* AIM OF THE EXERCISE: Give the lines of the material verbatim, from the first line to the line with "MARINERS COVE OF EAGLE LA - Residential", including both.

====== TASK MATERIAL

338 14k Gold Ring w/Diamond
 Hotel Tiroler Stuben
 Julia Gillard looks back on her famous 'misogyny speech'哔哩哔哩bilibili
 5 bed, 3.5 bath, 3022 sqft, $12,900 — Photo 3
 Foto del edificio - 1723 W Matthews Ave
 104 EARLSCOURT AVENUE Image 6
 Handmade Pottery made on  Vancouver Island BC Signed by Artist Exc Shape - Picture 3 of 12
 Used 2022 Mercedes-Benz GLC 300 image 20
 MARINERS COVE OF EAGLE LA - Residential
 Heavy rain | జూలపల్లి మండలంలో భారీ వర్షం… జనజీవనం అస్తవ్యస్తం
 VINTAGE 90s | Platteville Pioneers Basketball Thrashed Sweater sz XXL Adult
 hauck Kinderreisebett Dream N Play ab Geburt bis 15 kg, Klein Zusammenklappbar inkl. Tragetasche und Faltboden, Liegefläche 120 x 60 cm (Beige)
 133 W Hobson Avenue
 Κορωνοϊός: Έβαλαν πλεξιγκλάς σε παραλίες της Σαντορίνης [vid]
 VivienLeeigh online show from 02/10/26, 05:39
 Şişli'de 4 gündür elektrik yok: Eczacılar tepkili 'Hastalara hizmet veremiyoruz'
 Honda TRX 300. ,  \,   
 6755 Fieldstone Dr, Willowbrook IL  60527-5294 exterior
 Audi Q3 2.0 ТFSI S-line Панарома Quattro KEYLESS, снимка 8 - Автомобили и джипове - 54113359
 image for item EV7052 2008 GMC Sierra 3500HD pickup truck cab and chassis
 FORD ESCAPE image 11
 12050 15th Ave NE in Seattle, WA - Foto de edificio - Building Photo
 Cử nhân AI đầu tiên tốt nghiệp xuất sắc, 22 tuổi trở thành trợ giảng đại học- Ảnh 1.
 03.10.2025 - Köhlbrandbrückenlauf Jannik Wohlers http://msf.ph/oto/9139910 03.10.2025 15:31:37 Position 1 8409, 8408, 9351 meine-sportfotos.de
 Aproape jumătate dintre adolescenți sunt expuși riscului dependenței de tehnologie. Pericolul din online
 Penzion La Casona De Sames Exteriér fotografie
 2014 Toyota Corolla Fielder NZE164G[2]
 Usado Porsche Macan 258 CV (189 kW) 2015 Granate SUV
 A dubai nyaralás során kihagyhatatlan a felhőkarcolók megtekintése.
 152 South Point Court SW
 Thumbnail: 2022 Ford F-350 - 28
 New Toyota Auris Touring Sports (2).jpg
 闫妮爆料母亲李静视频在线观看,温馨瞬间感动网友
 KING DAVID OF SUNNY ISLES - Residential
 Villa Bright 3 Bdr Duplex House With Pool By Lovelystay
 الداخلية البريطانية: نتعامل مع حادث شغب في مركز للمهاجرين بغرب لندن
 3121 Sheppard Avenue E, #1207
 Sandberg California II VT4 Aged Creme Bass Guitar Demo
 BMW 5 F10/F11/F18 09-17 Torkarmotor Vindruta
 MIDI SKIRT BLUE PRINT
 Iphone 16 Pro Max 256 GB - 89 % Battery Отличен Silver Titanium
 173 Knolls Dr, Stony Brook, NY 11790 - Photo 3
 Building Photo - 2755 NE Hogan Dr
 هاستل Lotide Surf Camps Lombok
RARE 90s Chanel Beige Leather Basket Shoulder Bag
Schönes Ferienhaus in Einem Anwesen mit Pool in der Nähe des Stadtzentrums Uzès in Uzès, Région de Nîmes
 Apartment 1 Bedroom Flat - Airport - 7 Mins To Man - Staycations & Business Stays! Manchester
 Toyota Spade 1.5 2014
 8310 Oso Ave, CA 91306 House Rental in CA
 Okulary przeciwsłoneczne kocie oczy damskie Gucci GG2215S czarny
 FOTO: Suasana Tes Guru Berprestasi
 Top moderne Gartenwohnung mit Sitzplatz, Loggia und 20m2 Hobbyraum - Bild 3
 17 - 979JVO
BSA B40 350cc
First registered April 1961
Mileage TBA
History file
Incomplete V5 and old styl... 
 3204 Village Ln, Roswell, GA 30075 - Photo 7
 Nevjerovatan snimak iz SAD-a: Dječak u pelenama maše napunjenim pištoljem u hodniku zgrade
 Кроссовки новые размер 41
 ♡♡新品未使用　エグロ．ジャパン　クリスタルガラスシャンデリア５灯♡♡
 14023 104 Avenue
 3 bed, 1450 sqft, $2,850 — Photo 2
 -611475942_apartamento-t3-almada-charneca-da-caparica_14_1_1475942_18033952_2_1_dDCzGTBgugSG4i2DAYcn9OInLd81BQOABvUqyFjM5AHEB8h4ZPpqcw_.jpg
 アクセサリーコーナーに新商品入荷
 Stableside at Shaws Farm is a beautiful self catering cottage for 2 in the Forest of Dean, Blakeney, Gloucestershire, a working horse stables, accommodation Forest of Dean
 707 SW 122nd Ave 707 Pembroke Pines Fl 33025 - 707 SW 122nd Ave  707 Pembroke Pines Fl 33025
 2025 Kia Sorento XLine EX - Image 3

============

* RESULT OF THIS TASK:
338 14k Gold Ring w/Diamond
 Hotel Tiroler Stuben
 Julia Gillard looks back on her famous 'misogyny speech'哔哩哔哩bilibili
 5 bed, 3.5 bath, 3022 sqft, $12,900 — Photo 3
 Foto del edificio - 1723 W Matthews Ave
 104 EARLSCOURT AVENUE Image 6
 Handmade Pottery made on  Vancouver Island BC Signed by Artist Exc Shape - Picture 3 of 12
 Used 2022 Mercedes-Benz GLC 300 image 20
 MARINERS COVE OF EAGLE LA - Residential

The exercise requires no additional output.